Cet article est issu du yearbook 2024 : « L’innovation a trouvé sa boussole. » Nous avons conçu cette revue annuelle pour vous inspirer et susciter de nouvelles vocations au service de la transformation des villes et des territoires.
Êtes-vous plutôt ciel de voitures volantes ou légions de triporteurs ? Musique délicate d’un moteur électrique ou concert de chants d’oiseaux ? En matière de mobilité, il ne semble pas y avoir de zone grise : rêves technologiques ou utopies écologiques, les deux extrémités du spectre se toisent, et, entre elles, c’est le royaume de l’impensé.
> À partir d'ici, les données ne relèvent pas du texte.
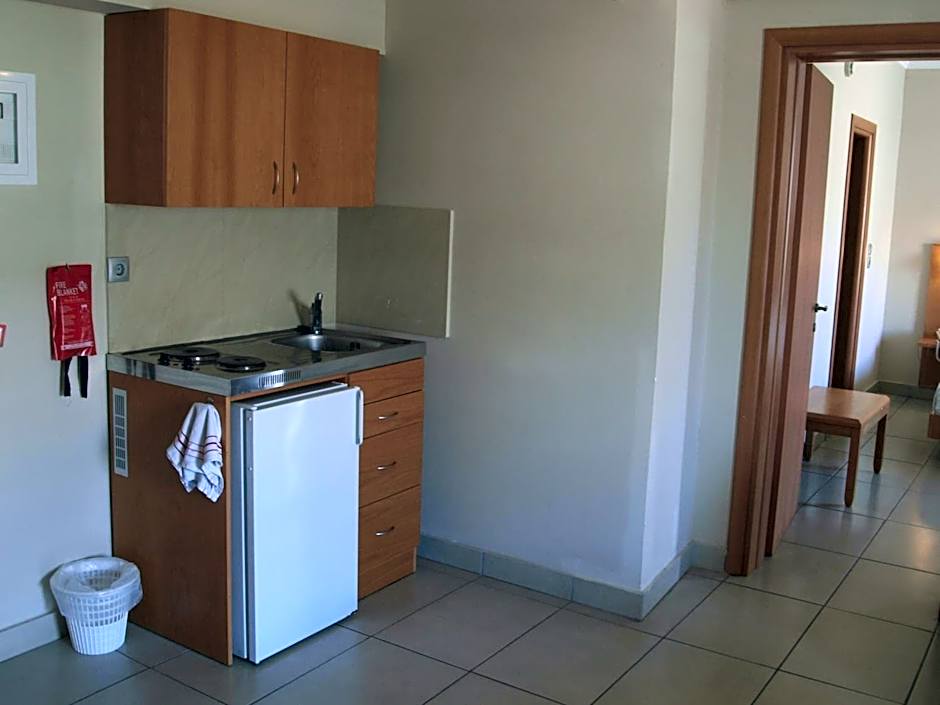 Saint Constantine Hotel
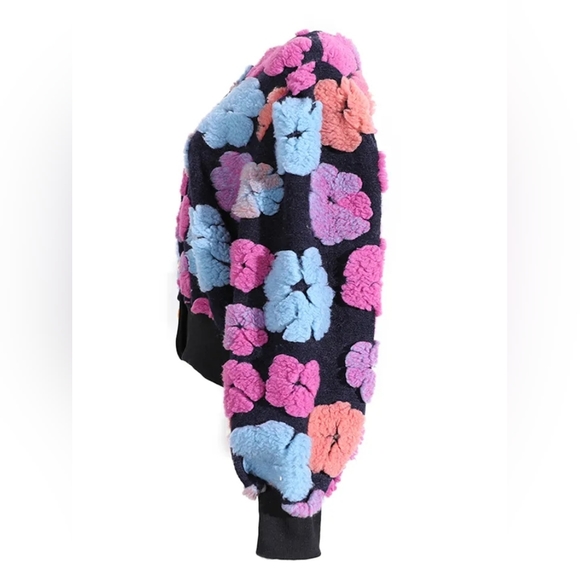 Petals Detailed Blouse - Picture 4 of 8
Coincés entre ces deux polarités, comment pouvons-nous imaginer un avenir crédible à nos mobilités ?
D’imagination, la mobilité n’en manque pas. Au contraire, c’est d’une bonne dose de réalité dont elle aurait bien besoin : le véhicule individuel représente encore 84 % des déplacements des particuliers, et la part modale du vélo plafonne à 4,5 %. Le tout-électrique demeure un horizon lointain et risque d’être inaccessible pour nombre d’entre nous. L’autopartage reste trop confidentiel, et les promesses de la conduite autonome ne sont toujours pas tenues.
Si les scénarios divergent, c’est parce que la mobilité est une équation à facteurs multiples. Pour l’imaginer, il faut faire dialoguer des enjeux parfois contradictoires, mettre sur la table des réalités complexes, des géographies que tout oppose, des ambitions qui s’ignorent. C’est à ce prix que l’on peut commencer à dessiner non pas une, mais des mobilités crédibles : loin des fantasmes et des vœux pieux, le regard tourné vers des possibles qui ne laisseront personne sur le bas-côté. Petit tour de piste des enjeux à considérer.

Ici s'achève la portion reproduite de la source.